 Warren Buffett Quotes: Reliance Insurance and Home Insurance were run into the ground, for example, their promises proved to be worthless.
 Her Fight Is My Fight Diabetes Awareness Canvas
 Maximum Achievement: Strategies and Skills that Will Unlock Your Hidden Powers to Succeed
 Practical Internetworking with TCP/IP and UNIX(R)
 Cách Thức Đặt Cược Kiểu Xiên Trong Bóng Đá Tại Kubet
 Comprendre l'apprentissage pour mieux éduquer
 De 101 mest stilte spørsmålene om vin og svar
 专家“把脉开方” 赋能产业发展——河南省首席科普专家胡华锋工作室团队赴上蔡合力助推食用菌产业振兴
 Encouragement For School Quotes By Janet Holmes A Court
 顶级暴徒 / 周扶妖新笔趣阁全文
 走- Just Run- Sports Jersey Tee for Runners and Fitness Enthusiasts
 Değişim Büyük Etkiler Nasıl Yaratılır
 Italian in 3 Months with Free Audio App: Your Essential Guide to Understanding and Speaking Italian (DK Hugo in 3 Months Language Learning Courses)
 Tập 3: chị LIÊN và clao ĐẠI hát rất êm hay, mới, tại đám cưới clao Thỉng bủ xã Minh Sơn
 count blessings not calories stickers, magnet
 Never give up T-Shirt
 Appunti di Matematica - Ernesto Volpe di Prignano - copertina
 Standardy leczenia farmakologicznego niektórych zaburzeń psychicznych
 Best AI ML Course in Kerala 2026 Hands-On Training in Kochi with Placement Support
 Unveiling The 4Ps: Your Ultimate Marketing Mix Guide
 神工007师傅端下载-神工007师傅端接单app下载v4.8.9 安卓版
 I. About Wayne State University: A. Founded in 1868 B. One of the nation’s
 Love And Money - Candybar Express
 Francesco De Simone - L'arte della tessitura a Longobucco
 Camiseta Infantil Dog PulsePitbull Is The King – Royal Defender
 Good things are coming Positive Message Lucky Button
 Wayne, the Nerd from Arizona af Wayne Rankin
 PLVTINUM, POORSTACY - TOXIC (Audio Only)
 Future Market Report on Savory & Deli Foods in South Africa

::::

Give again, word for word, every line of the listing above from the one with "顶级暴徒 / 周扶妖新笔趣阁全文" to the one with "Appunti di Matematica", both inclusive, and nothing beyond them.

 顶级暴徒 / 周扶妖新笔趣阁全文
 走- Just Run- Sports Jersey Tee for Runners and Fitness Enthusiasts
 Değişim Büyük Etkiler Nasıl Yaratılır
 Italian in 3 Months with Free Audio App: Your Essential Guide to Understanding and Speaking Italian (DK Hugo in 3 Months Language Learning Courses)
 Tập 3: chị LIÊN và clao ĐẠI hát rất êm hay, mới, tại đám cưới clao Thỉng bủ xã Minh Sơn
 count blessings not calories stickers, magnet
 Never give up T-Shirt
 Appunti di Matematica - Ernesto Volpe di Prignano - copertina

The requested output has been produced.